All 79 episodes are being done, plus the pilot. 35-40 episodes will be done for weekly broadcast syndication airing this year, and another 35-40 for next year. The entire length of the episode is being done, not just the 43-minute syndication length (broadcast stations choose how much they wish to show of the episode). There are somewhere between 15-70 effects shots per episode, and the total length of enhanced footage per episode could be as little as a minute and a half (depending on the episode).
Masters are apparently being created in both 4×3 and 16×9. [Editor’s Note: We’re working to determine EXACTLY what this means, and how the specific footage is being handled.] Eventually, the producers expect that there will be a DVD release of the new versions [and presumably high-definition HD-DVD and Blu-ray Disc versions as well], but not right away, as it’s going to take at least a year to get all the work on all the episodes done.
The original versions of the episodes will continue to be available on TV Land and G4, and the previously-released DVDs will continue to be available. The new versions will be seen only in broadcast syndication for at least the next year or so, and will air as they’re completed. The new versions can’t be shown on cable until all the episodes are done, as cable syndication deals are made in “strip” packages (meaning entire runs of episodes – complete seasons or entire series). The original film masters of all the episodes will be preserved.
The episodes will be seen on more than 200 stations around the country, starting on September 19th. In terms of which specific stations will be showing the new versions, The Original Series is apparently replacing Enterprise in syndication. So if your local station has been showing Enterprise in recent months, that station will now be showing the new enhanced Original Series episodes. Enterprise is being moved to strip syndication on Sci-Fi Channel and HDNet. Star Trek.com will be posting a list of every market in the country where you can see the new episodes soon.
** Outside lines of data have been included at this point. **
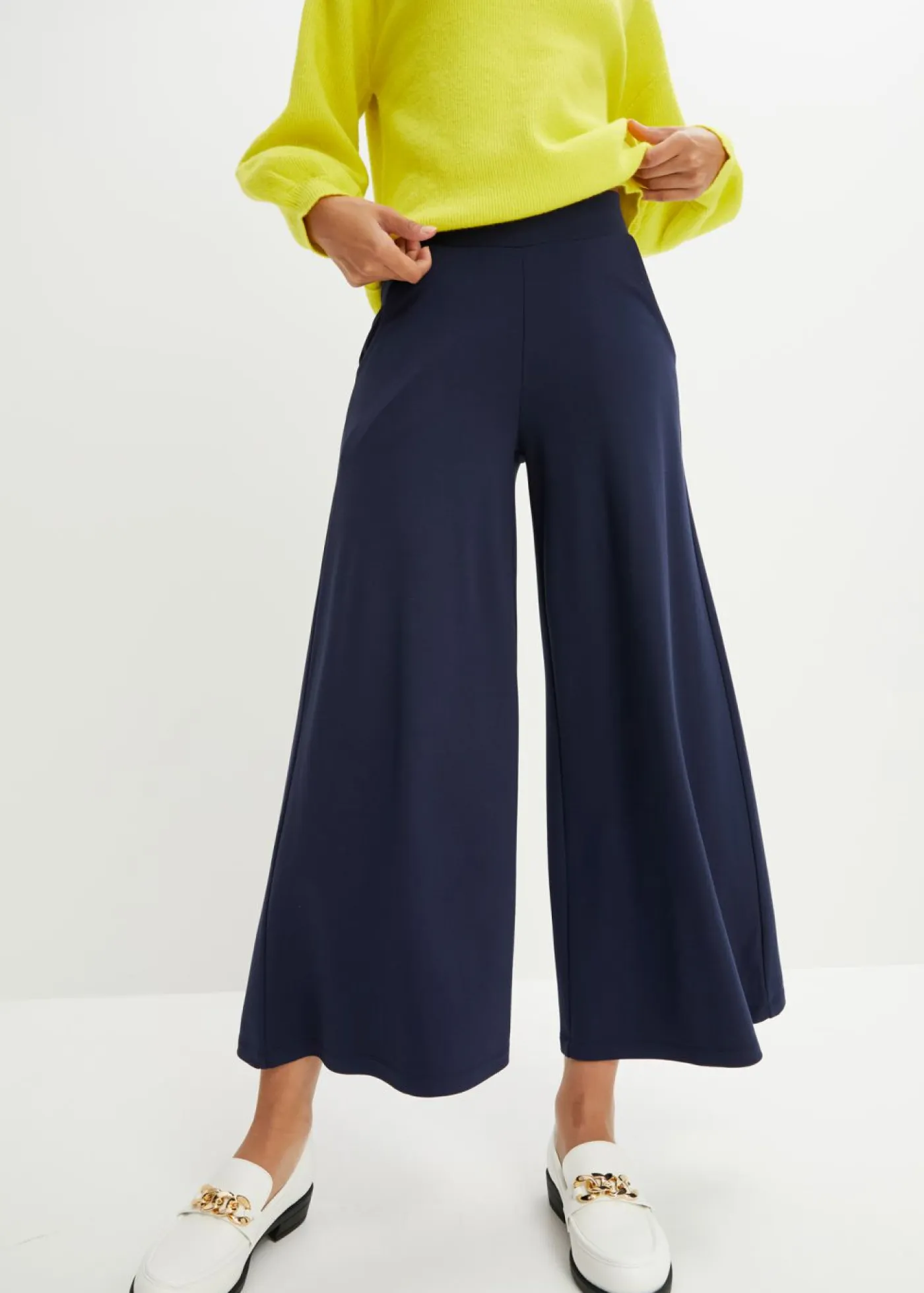 bonprix bonprix Pantalones|Novedades>Culotte de mezcla de viscosa Azul marino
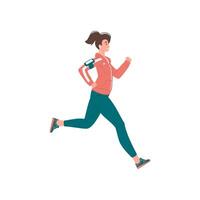 gelukkig sport- vrouw genieten van buitenshuis rennen luisteren muziek- in oortelefoons vlak illustratie vector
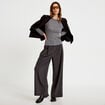 Pantalon large &agrave; pinces gris femme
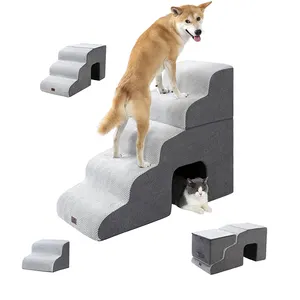 High Quality 2 3 4 5 Layers Pet Dog Steps For Small Dogs And Cats Pet Stairs Non-Slip Balanced Portable Pet Step Indoor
Promotion/advertising for the newly-enhanced Star Trek is expected to begin this week.
Not all of the broadcast stations will be able to transmit the episodes in full HD. Regardless, they’ll be shown in the original 4×3 aspect ratio (presumably with black bars on the sides for digital broadcasts). It’s up to the affiliates as to whether they’ll show the episodes in true HD. Apparently, many stations don’t have the harddisc capacity to store pre-recorded syndicated episodes in full high-def (broadcast stations that do HD mostly just do it live, or simply re-transmit network HD broadcasts). The hope is that will change over time, as stations upgrade their equipment.
The first few episodes to be shown will include Balance of Terror, Journey to Babel, Mirror, Mirror and The Menagerie, Parts 1 & 2. FYI, Doomsday Machine is scheduled for the “second” broadcast season next year (as we said, there are going to be two 35-40 episode seasons).
The preliminary decision to enhance The Original Series was made in January. The final decision was made in March, and planning began shortly thereafter. The actual production work began much more recently. FYI, there are no plans at this point to do anything similar with the other Trek series.
And that’s about it for now. We’re hoping to ask some more specific follow-up questions – particularly questions related to the eventual DVD, HD-DVD and Blu-ray Disc release plans (and the way the aspect ratio is being handled in the production) – in the near future. We’ll be sure to keep you up to date.